I’d like to get serious for a moment.  For reals, yo.

The cause of  much of my suffering is the illusion that I am different from you.

woman suffering

Even those she's suffering, she's suffering in a super-sexy way.

We are all different.  We’re not all the same.  You have certain abilities and I have others.  Different.

But when I see myself as different from you, I tend to focus on how we’re different, and then I categorize that into a “good” or “bad” bucket.  Or more accurately, a “I’m better than you” bucket or “I’m worse than you” bucket.

For example, I’m probably funnier than you.  How do I know this?  Because I’m comparing you to me.  And while it may be true that I can turn a funny phrase more effectively in an objective sense (although not in this post), it still separates me and offers little value.  Because when I remember that you’re different than me, we’re separated.  And if you’re like me, being separated is terrifying and depressing.

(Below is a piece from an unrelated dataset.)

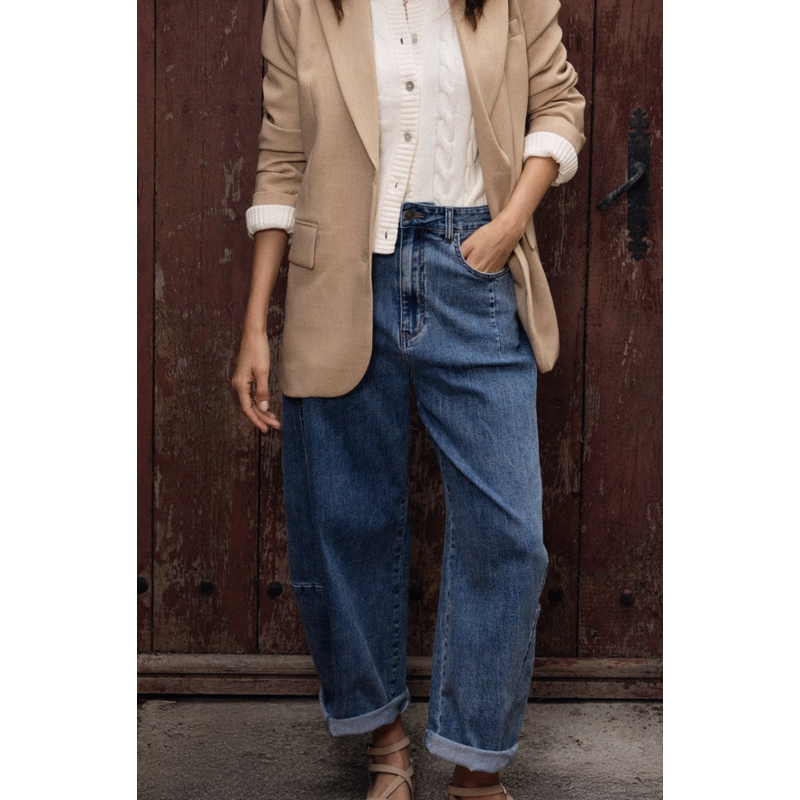 MOLLY BRACKEN MOLLY BRACKEN ES193EP/BLUED PANTS BLUE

And you, you can do things I can’t.  Like touch your toes.  I have never touched my goddamn toes.  I mean, if I bend my knees I can grab a pinky.  But not when they’re straight.  And I don’t even get close, like at least a good foot away.  I’m awesome at touching my shins.  But not my toes.  This is also depressing for some reason.

When I see people who can, I envy the shit out of them.  And fucking palms-to-the-floor people, they can burn in hell.  God, do I want so badly to put my palms to the floor.  I know, I’m weird.

touch toes

This drawing pisses me off.

I find that I am often envious of friends that appear to do better than me.  More money, better discipline at working out and eating, a nice wife and kids, and other stuff.

Now, I know that the grass is almost never actually greener.  We all struggle, and our spouses always suck at least sometimes.  Our kids, too.  Well, at least your kids.  Your kids really do suck.

But like those of you than can touch your wrists to the floor, I need to learn how to see that as different, but without judgment.  It is neither better or worse.  Just not the same as what I can do.

But how can I achieve this level of separate but equal?  Well, the only thing that works for me is through intimate connection with others.  Especially others that I see as different from me.

Example: I take a bus every day where I am often the only white person.  It’s easy to see the color difference and feel very alone because nobody looks like me.  One of the ways I cope with feeling alone and uncomfortable is to notice certain differences about us.  I sometimes think, “I dress better than that guy!” or, “Wow, she seems to be happier than me!”  And those value judgments keep me away from others, and often feeling superior or inferior to my fellows.  Yes, I said fellows.  It rocks.

Once in awhile, however, one of the passengers will make a cute comment about my dog in her backpack.  This usually leads to a funny exchange between me and the other person.  And then, for at least a moment, we’re connected.

More importantly, I’m not better or worse than you.

Most importantly, I’m not alone.

meepers

Hard day at the office.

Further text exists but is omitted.